**Work to complete:** Copy nothing but the lines below, from the one with "IHC staining of" through the one with "Fig. 07 - Hip", exactly as written; no pictures should appear.

**Listed entries:**
##############################
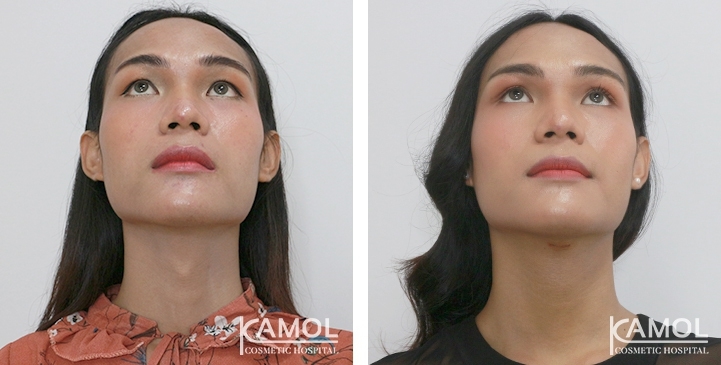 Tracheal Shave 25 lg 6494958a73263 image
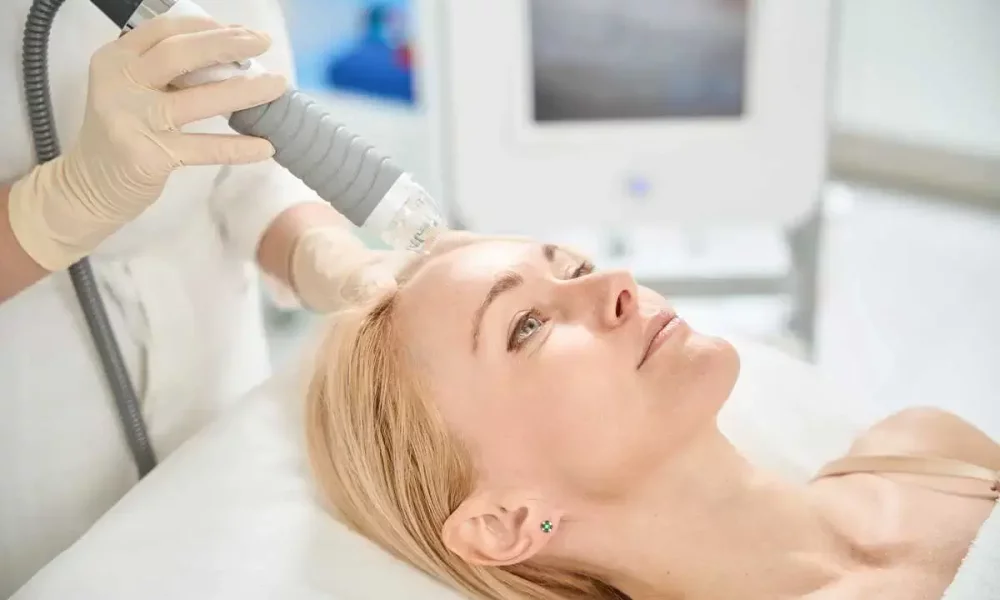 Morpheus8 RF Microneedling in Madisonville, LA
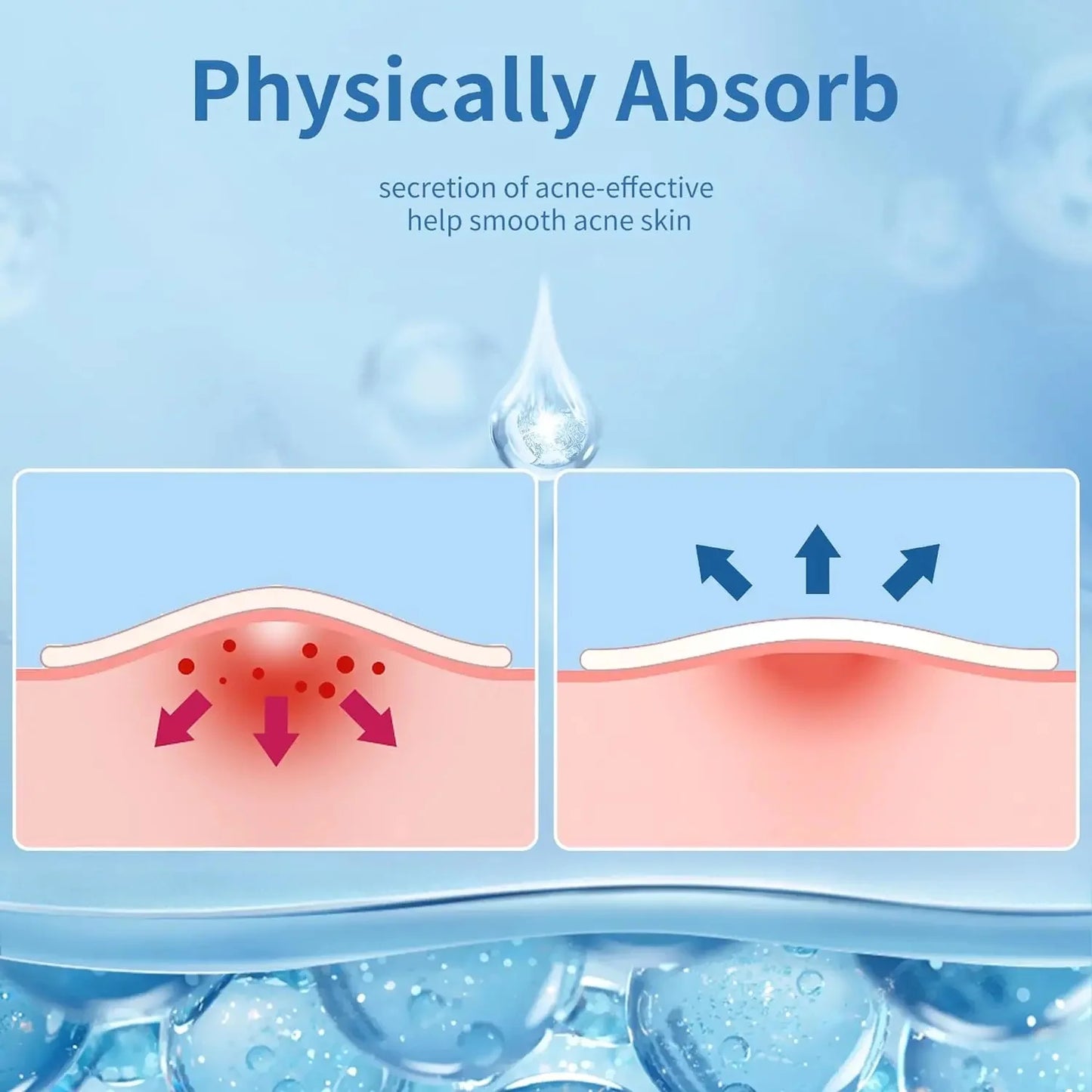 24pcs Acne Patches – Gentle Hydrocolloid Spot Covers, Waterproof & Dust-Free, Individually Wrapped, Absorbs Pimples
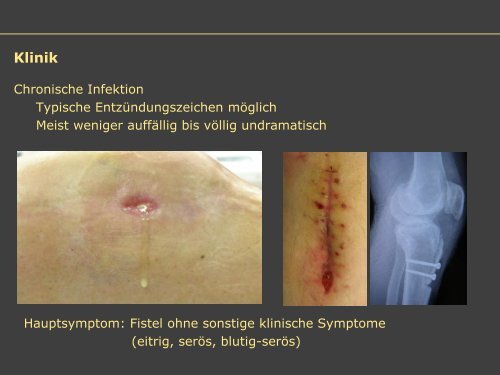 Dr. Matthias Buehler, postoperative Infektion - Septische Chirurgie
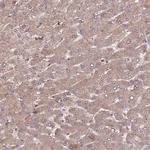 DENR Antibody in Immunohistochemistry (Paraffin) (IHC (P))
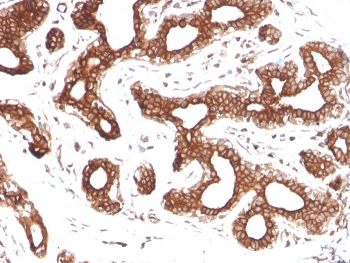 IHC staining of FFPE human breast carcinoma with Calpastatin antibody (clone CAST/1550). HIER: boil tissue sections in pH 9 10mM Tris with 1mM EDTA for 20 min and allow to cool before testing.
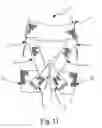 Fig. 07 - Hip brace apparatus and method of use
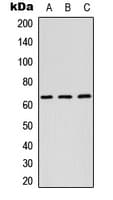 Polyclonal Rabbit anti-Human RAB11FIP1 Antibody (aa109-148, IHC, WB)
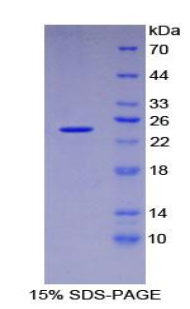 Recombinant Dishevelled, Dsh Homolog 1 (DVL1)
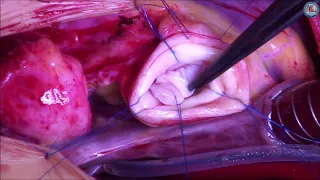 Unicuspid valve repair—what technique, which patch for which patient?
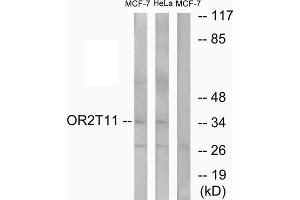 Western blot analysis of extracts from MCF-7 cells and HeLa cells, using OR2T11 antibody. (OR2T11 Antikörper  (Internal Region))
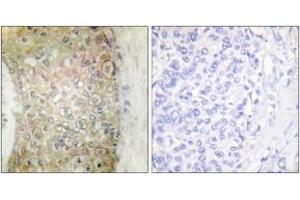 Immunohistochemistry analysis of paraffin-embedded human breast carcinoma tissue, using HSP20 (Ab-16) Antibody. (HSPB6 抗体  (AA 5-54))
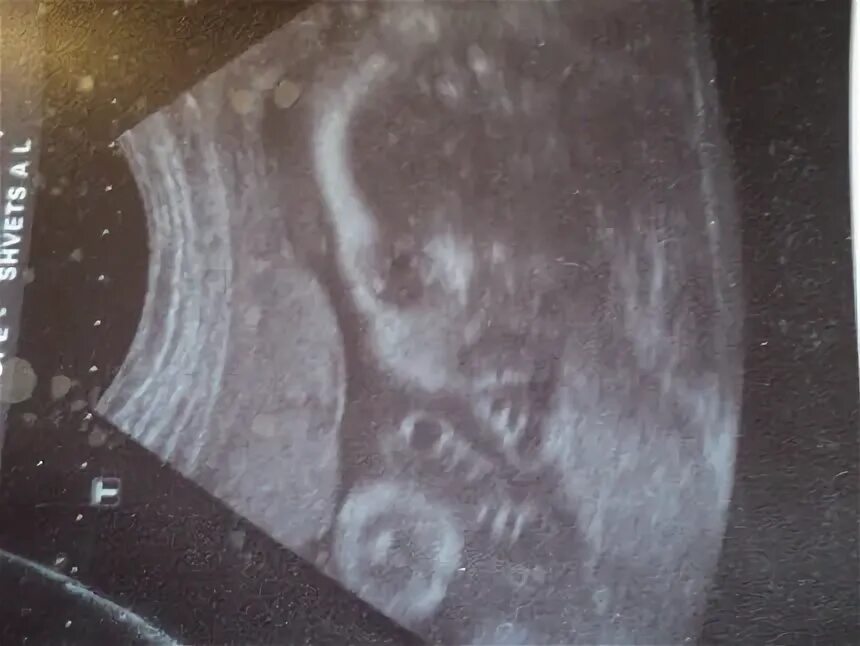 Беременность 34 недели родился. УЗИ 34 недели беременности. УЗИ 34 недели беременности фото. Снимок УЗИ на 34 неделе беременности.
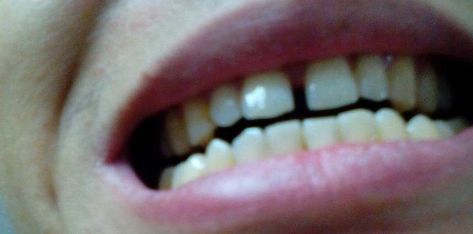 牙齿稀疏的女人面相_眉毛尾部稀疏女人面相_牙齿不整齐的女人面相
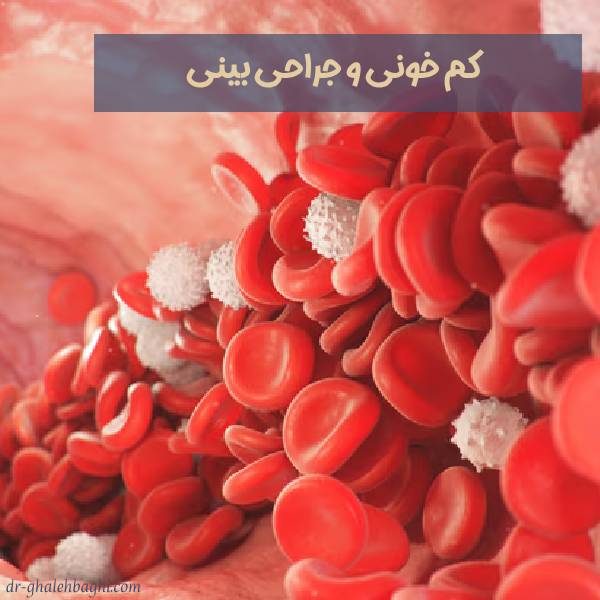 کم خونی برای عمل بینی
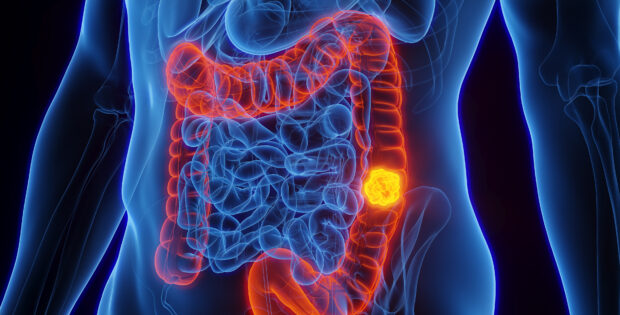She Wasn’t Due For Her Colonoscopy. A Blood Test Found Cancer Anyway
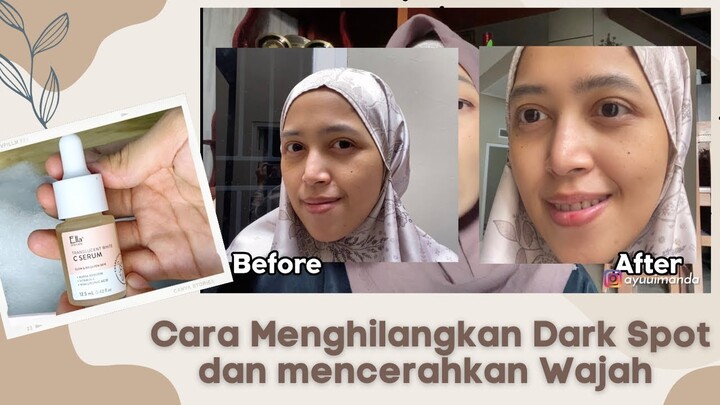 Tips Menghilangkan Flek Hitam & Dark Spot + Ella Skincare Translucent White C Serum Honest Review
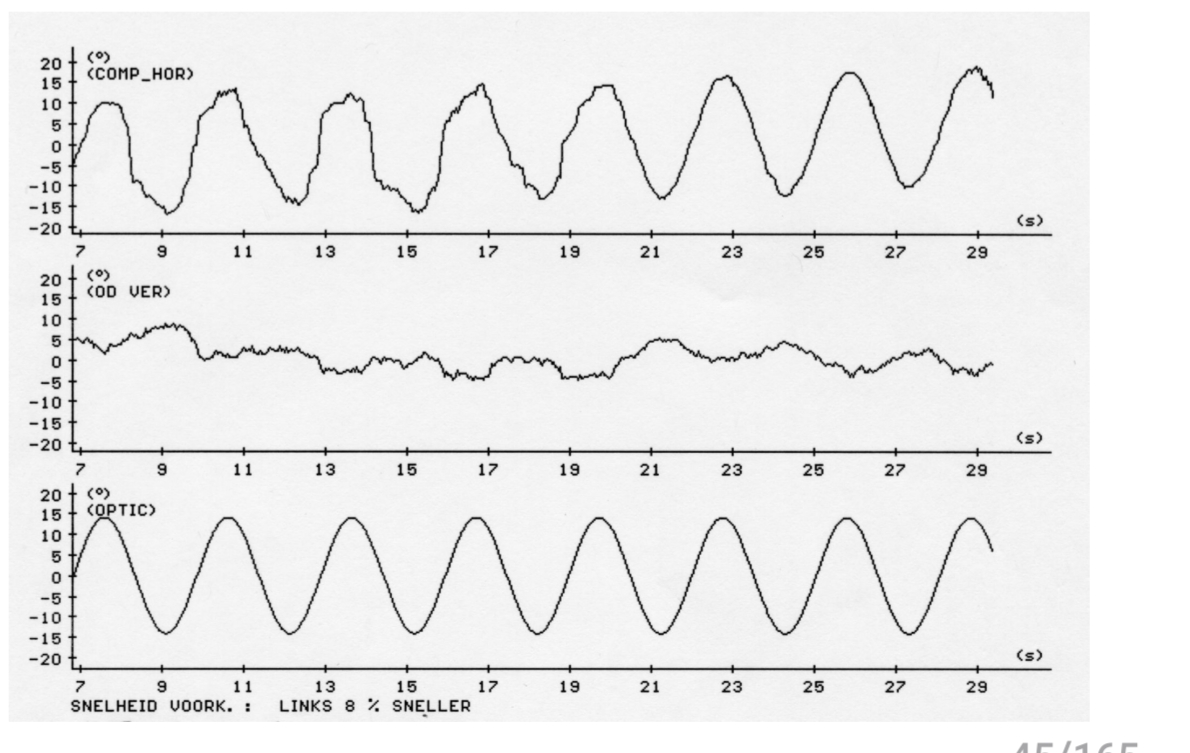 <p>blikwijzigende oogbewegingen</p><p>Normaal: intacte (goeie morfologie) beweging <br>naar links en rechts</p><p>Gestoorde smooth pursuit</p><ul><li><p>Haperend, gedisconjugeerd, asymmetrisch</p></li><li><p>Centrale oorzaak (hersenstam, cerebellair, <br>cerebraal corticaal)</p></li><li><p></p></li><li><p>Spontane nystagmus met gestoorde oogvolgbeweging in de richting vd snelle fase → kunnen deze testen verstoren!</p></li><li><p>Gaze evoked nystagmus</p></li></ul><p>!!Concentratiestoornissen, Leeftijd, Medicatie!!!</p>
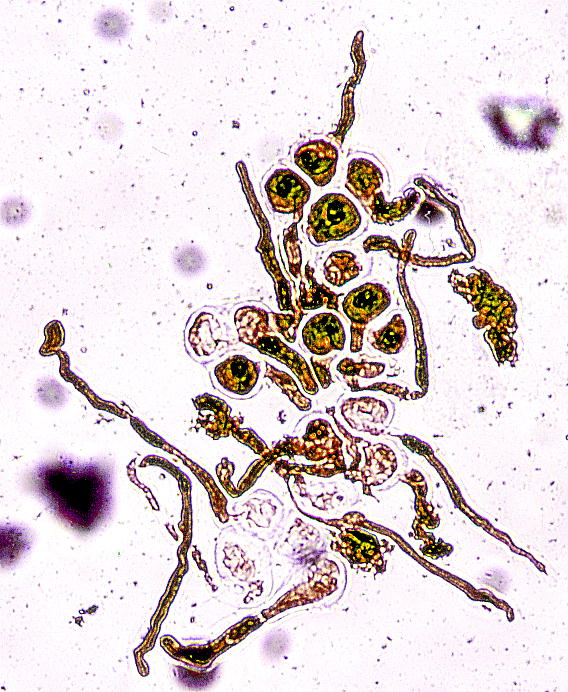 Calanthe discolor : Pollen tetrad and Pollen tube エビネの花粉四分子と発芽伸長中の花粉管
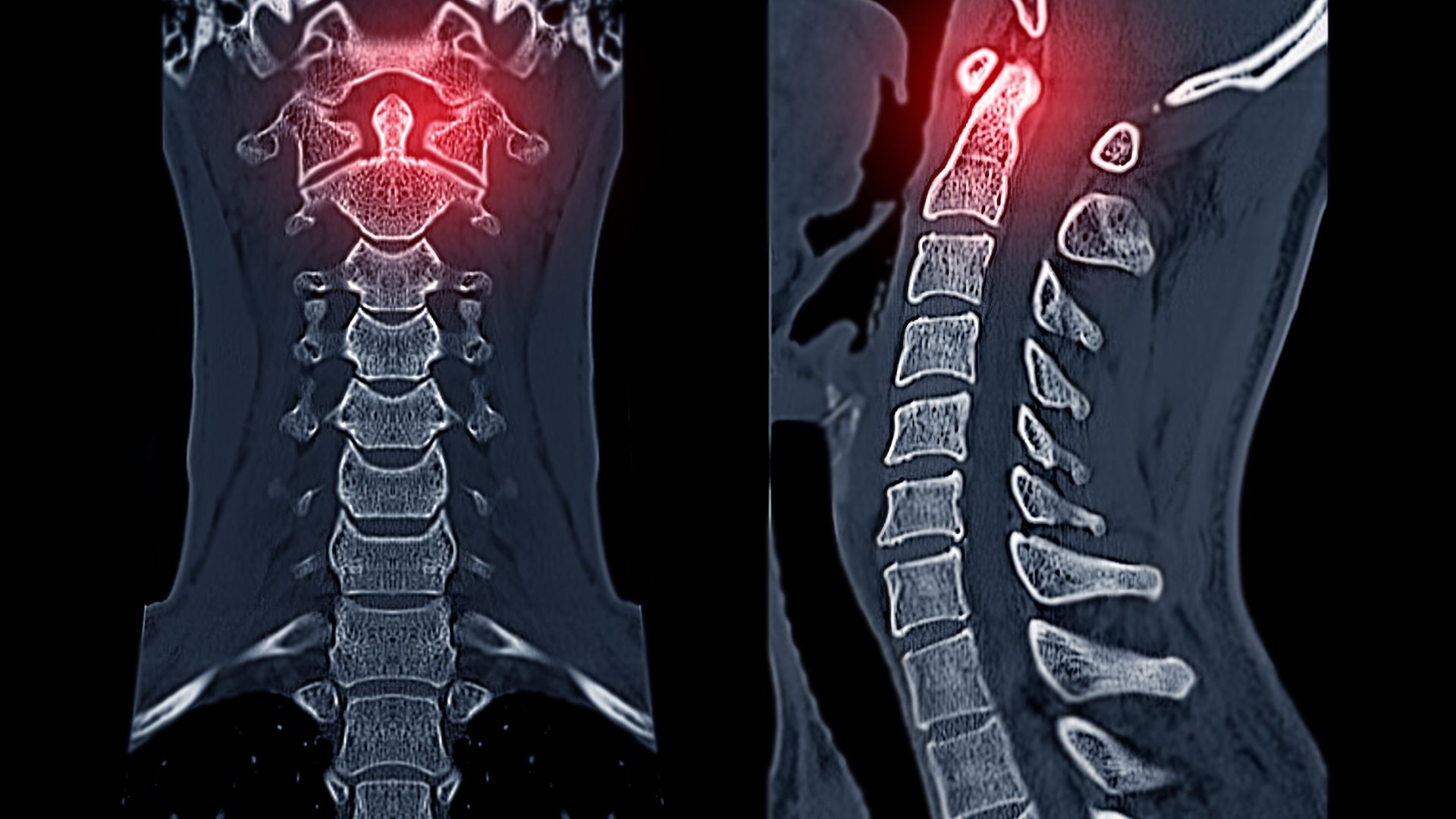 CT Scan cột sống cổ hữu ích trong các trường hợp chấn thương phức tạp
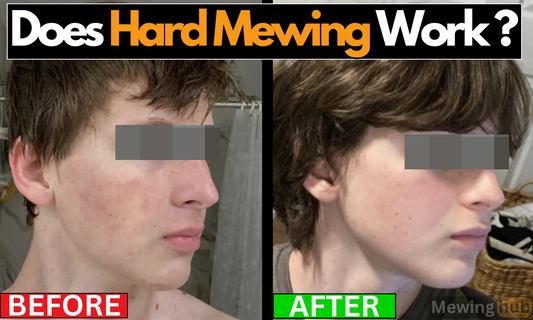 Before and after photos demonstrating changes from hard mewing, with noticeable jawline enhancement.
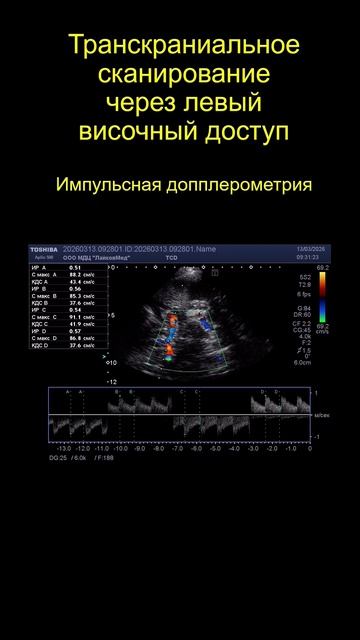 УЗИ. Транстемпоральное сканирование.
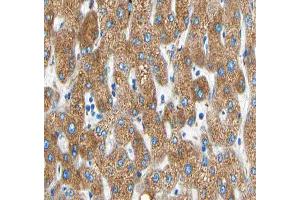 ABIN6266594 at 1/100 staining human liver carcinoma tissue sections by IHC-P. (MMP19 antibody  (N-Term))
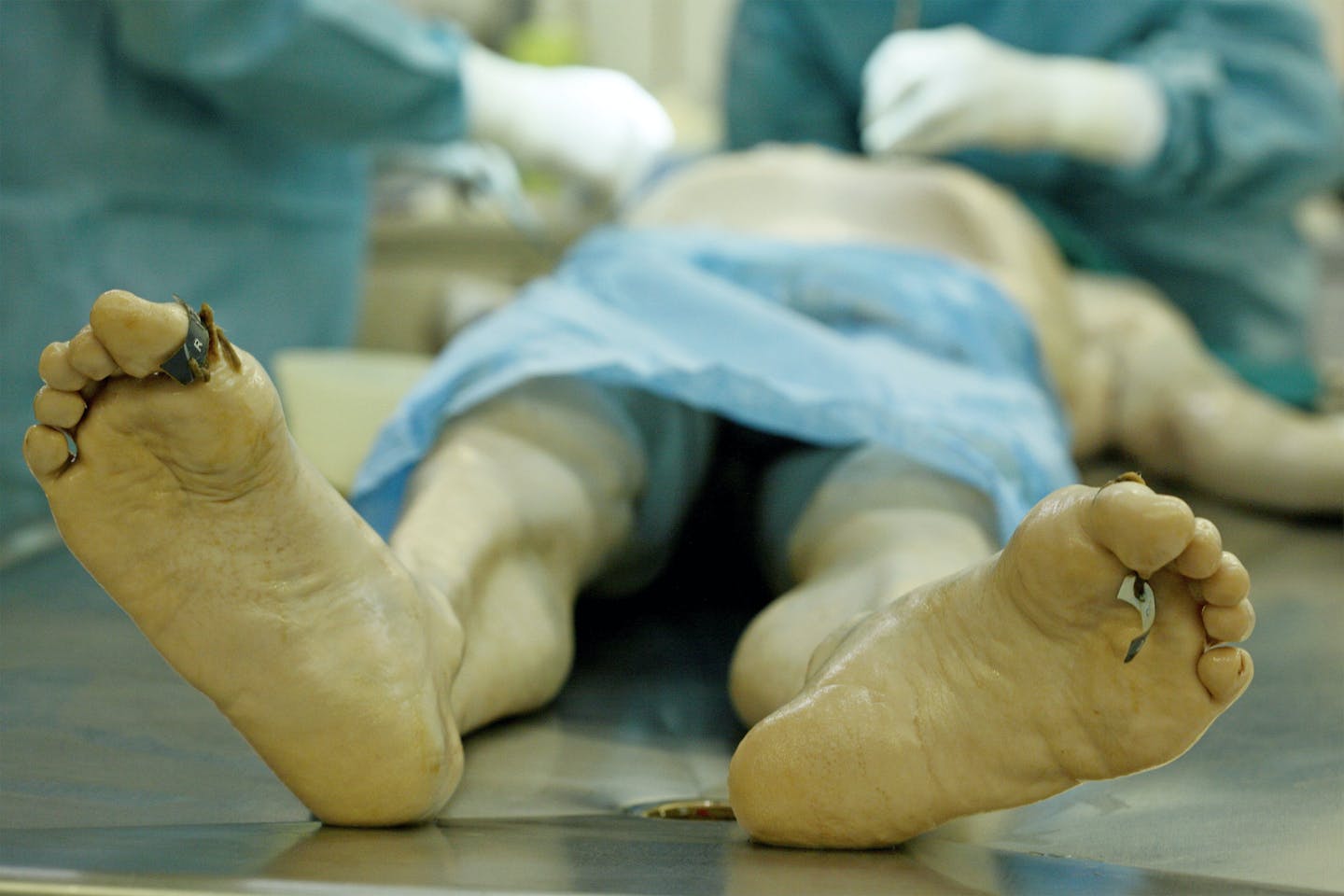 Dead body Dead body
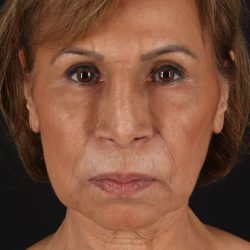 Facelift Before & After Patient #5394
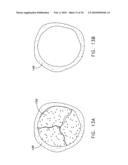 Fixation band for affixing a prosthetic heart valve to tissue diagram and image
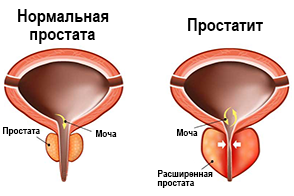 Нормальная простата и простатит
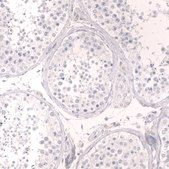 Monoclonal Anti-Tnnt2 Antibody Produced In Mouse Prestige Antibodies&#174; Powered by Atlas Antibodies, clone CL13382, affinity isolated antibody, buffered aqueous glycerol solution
##############################
**Reply:**
 IHC staining of FFPE human breast carcinoma with Calpastatin antibody (clone CAST/1550). HIER: boil tissue sections in pH 9 10mM Tris with 1mM EDTA for 20 min and allow to cool before testing.
 Fig. 07 - Hip brace apparatus and method of use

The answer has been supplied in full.